The young women —  Daniela (22), Paulina (20) and Alejandra (17) — are also riding the momentum of scoring the lead track on Metallica’s massive The Metallica Blacklist compilation released last September, where they again covered “Enter Sandman,” this time in a duet with pop singer-songwriter Alessia Cara.  

While the Villarreals were thrilled for what they call a “full-circle moment” with the metal icons, they’re determined to rise beyond the cover band stigma, forging an addicting sound that merges the shred-happy styles of Metallica and Guns N’ Roses with Daniela’s exceeding vocal ability — she blasts off like Heart’s Ann Wilson on the towering single CHOKE — and lyricism tackling tech-era disillusion, a la Muse and Radiohead. (Recently, they even released a new version of it alongside grandson & Zero 9:36, too.)

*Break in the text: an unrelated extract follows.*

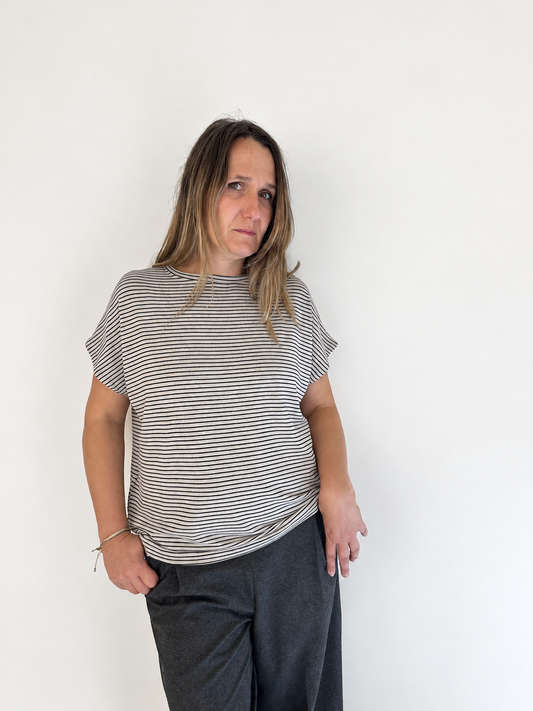 haizea camiseta rayas negro de Maider Alzaga, fotografía 1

As the band continue their long roadshow, which earlier this year notched two sold-out headlining dates at The Troubadour in Los Angeles, AP caught up with the group — on Zoom from their tour bus — to chat about what the busiest year of their lives is teaching them, how their new album’s message cracks the Gen-Z mold and where K-pop fits into their raging sound. 

You’ve already played more than 60 shows this year. What has all this stage time, especially on the biggest stages of your career so far, taught you about who you are as a band? 

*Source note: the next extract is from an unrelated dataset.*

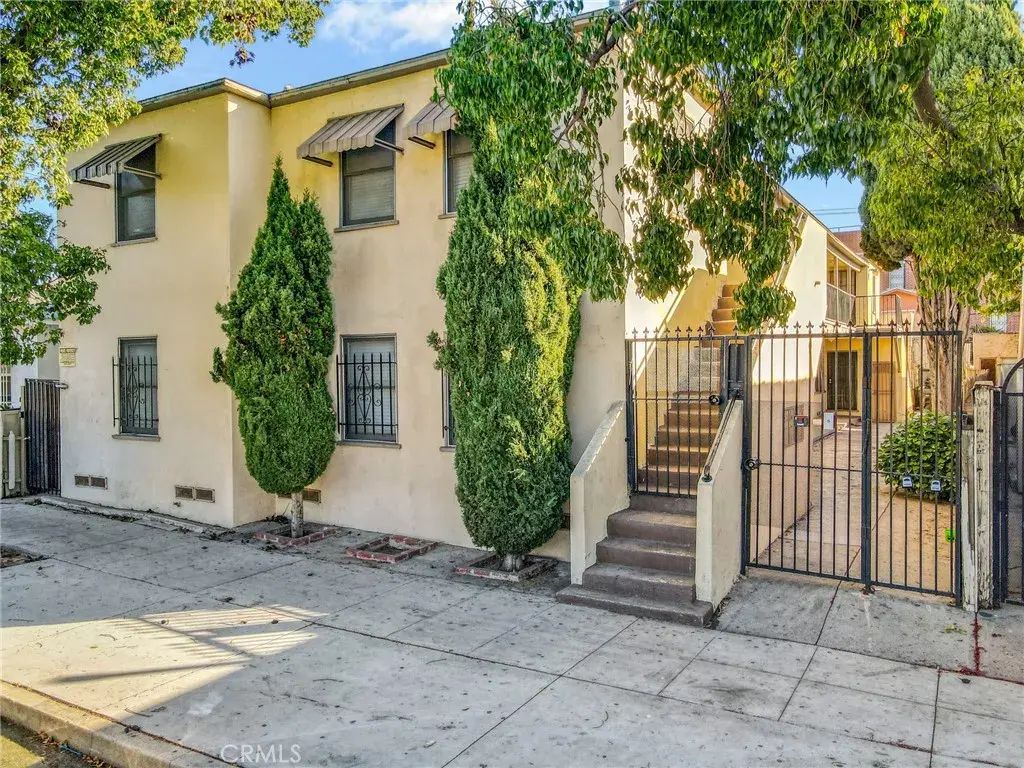1922 Locust, Long Beach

PAULINA VILLARREAL: On this tour [with Halestorm and the Pretty Reckless], people aren’t necessarily there to see us. We’re the opening band. We know these people don’t know our songs, and we have to really sell our show and make people fall in love with us and our music and energy. We always leave it out onstage, everything.

DANIELA VILLARREAL: It’s really amazing to see how people react when we first step on the stage and how they react when we leave the stage. It fills you with this really big feeling of, “I did my job correctly.” 

PAULINA: The moment where we really find out if people are hooked from the show or not is in our last song, “EVOLVE,” where in the bridge, I call out to the crowd to clap along. We usually get a good response, but there have been some shows where not everyone claps. But where every single person I can see has their hands up, it’s just gratifying to see.

And how’s it been touring with such established acts as Halestorm and the Pretty Reckless? What have you learned from them?

PAULINA: It’s something that Lzzy [Hale] mentioned once — she was talking about staring people down in the crowd. It was something that I didn’t do often. But she was like, “Make eye contact with the people who are already really hyped up to be there because they’re the firestarters.”

Let’s talk about the new album. Why is it called ERROR

PAULINA: It’s about this new age we’re living in, and through more of a technological aspect. It’s a concept, but it’s not a concept. Imagine that in this little matrix system simulation that we’ve got going on, feelings and experiences are considered little errors in our coding. So we talk about these feelings and these experiences that we as a generation might go through.

Who are some bands or artists you were thinking about when you made this album? 

PAULINA: At the time, I was listening to so much Placebo. They were a really big influence for me. I remember Badflower also being an inspiration when we were writing it. But also Paramore because we were working with David Bendeth [producer for Paramore’s 2007 album Riot!].

Who’s a band or artist people would be surprised to learn influences you? 

PAULINA: So, K-pop is a very big influence for the three of us.

DANIELA: J-rock, as well.

PAULINA: Most of our harmonies are very K-pop-inspired. We sit down, and we’re like,
“You know what? We want to pull a K-pop with this one. Let’s do 100 stacks.”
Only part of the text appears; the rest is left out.